* [Exercise data]
★ ★ ★

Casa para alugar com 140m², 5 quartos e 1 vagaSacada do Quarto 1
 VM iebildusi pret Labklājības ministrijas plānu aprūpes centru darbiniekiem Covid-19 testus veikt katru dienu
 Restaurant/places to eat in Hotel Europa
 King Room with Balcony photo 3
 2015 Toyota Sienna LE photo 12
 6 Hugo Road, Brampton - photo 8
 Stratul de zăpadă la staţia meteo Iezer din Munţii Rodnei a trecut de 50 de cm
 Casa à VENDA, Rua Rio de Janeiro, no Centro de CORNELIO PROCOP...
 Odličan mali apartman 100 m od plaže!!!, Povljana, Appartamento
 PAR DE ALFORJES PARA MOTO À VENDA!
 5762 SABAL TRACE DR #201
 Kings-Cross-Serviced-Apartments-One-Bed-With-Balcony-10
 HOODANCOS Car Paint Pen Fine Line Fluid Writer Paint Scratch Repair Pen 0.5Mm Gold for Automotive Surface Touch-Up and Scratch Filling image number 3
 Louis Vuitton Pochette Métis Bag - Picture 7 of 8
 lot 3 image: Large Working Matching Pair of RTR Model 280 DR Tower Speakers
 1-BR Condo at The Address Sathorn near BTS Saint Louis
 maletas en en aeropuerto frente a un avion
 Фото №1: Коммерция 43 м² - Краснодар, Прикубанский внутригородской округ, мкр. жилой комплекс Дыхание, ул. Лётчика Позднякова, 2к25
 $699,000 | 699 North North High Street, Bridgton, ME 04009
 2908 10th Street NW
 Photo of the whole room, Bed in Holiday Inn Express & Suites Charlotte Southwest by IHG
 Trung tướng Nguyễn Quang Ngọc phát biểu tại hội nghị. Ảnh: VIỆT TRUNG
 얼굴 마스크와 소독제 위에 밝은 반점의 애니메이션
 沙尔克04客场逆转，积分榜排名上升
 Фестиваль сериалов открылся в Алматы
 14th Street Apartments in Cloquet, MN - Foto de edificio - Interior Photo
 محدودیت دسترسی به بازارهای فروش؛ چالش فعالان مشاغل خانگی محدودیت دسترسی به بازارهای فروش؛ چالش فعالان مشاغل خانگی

★ ★ ★

Using the records above, output exactly the lines from the first through the line that contains "2908 10th Street NW", with both of those included.

* [Written response]
Casa para alugar com 140m², 5 quartos e 1 vagaSacada do Quarto 1
 VM iebildusi pret Labklājības ministrijas plānu aprūpes centru darbiniekiem Covid-19 testus veikt katru dienu
 Restaurant/places to eat in Hotel Europa
 King Room with Balcony photo 3
 2015 Toyota Sienna LE photo 12
 6 Hugo Road, Brampton - photo 8
 Stratul de zăpadă la staţia meteo Iezer din Munţii Rodnei a trecut de 50 de cm
 Casa à VENDA, Rua Rio de Janeiro, no Centro de CORNELIO PROCOP...
 Odličan mali apartman 100 m od plaže!!!, Povljana, Appartamento
 PAR DE ALFORJES PARA MOTO À VENDA!
 5762 SABAL TRACE DR #201
 Kings-Cross-Serviced-Apartments-One-Bed-With-Balcony-10
 HOODANCOS Car Paint Pen Fine Line Fluid Writer Paint Scratch Repair Pen 0.5Mm Gold for Automotive Surface Touch-Up and Scratch Filling image number 3
 Louis Vuitton Pochette Métis Bag - Picture 7 of 8
 lot 3 image: Large Working Matching Pair of RTR Model 280 DR Tower Speakers
 1-BR Condo at The Address Sathorn near BTS Saint Louis
 maletas en en aeropuerto frente a un avion
 Фото №1: Коммерция 43 м² - Краснодар, Прикубанский внутригородской округ, мкр. жилой комплекс Дыхание, ул. Лётчика Позднякова, 2к25
 $699,000 | 699 North North High Street, Bridgton, ME 04009
 2908 10th Street NW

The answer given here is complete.